Status of this Document

This section describes the status of this document at the time of its publication. Other documents may supersede this document. A list of current W3C publications and the latest revision of this technical report can be found in the W3C technical reports index at http://www.w3.org/TR/.

This Note provides a self-contained explanation of bound variables in Content MathML. It contains non-normative interpretations of the MathML 2.0 Recommendation (Second Edition) [MathML22e] and it provides guidelines for representing mathematical objects in Content MathML. Please direct comments and report errors in this document to www-math@w3.org.

This document has been produced by the W3C Math Working Group as part of the W3C Math Activity (Activity statement). The goals of the Working Group are discussed in the Working Group Charter. A list of participants in the W3C Math Working Group is available.

Publication as a Working Group Note does not imply endorsement by the W3C Membership. This is a draft document and may be updated, replaced or obsoleted by other documents at any time. It is inappropriate to cite this document as other than work in progress. Patent disclosures relevant to this Note may be found on the Math Working Group's patent disclosure page.

Table of Contents

1 Introduction
2 The problem
3 Background on bound variables in logics and mathematical foundations
4 Analysis
5 Using definitionURL for Bound Variable Identification.
    5.1 Why definitionURL?
    5.2 Clarifying the Role of definitionURL in MathML
6 Conclusion

Appendices

A Bibliography
B Definitions of Equality


1 Introduction

Bound variables are central representational primitives in mathematical languages. They allow one to express functions, quantification, and operators with qualifiers. The first edition of the MathML 2.0 Recommendation [MathML2] was vague about the identity conditions on bound variables. For example, all examples in that Recommendation use simple ci elements, for which there is never any doubt when an instance of the bound variable is the same as the defining occurrence. In fact, the question of identity only seriously arises when one starts to use more elaborate presentations inside of the ci elements. Content MathML applications were left trying to decide when two presentations are equal, possibly in the presence of heavy use of semantics tags and/or styling attributes. How extensively could a ci element be modified (even for presentational purposes) without changing it mathematically?

The safe answer to this question was "not at all", but there were legitimate examples where at very least one of the presentations needed to be changed for expository purposes while retaining the mathematical identity.
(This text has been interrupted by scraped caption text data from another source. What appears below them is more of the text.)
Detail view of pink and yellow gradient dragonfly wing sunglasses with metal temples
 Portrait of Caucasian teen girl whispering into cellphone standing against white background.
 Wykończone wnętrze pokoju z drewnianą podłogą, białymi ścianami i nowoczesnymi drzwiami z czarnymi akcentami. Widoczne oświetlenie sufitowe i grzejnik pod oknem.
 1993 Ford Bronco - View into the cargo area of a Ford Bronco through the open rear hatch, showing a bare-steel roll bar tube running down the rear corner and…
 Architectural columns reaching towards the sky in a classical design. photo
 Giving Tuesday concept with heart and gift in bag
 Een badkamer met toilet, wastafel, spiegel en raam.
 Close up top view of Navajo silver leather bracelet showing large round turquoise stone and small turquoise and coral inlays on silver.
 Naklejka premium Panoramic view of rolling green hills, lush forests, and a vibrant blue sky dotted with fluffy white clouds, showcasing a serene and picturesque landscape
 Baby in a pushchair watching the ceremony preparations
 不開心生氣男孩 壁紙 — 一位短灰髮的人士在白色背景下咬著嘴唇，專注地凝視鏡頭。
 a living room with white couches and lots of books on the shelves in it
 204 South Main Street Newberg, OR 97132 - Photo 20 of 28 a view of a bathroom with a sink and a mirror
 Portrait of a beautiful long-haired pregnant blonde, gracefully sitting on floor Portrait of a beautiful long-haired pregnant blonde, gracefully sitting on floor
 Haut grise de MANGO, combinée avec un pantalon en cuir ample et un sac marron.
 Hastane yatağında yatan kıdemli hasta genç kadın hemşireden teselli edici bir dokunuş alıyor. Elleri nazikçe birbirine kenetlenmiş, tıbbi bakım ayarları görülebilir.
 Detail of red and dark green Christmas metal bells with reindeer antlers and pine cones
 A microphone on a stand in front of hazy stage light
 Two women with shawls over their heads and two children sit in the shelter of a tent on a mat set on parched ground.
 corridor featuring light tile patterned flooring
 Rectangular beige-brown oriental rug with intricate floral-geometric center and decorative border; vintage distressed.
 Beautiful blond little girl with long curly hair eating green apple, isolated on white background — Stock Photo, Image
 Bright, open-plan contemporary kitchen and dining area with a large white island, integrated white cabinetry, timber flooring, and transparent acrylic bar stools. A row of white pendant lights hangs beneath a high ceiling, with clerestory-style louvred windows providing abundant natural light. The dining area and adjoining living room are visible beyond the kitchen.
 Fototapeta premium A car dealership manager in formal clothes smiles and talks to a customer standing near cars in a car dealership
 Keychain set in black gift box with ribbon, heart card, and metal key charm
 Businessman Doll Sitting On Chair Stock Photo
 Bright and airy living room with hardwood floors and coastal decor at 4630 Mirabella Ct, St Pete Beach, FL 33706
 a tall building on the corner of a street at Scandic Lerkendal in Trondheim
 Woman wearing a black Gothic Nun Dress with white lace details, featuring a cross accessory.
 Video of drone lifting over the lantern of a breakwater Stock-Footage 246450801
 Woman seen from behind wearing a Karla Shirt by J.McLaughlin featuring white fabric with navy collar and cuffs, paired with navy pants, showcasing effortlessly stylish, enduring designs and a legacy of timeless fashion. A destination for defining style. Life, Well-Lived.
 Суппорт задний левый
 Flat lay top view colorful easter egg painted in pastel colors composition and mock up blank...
Furthermore, the first edition of the MathML 2.0 Recommendation [MathML2] did not elaborate on this point.

This Note investigates the recognition of instances of bound variables and shows how existing mechanisms for dealing with semantics can be used to make such identifications explicit without depending on the direct comparison of the presentational markup. This is the approach that has been used to clarify the notion of identity of bound variables in the second edition of the MathML 2.0 Recommendation [MathML22e].

2 The problem

When complex Presentation MathML annotations are used, the association of a particular instance of a ci with its defining occurrence in the bvar element can be difficult to establish, and the first edition of the MathML 2.0 Recommendation [MathML2] did not specify a way to do so. Note that a strict definition of identity based solely on the XML structure (possibly based on the XML Information Set) would be too restrictive.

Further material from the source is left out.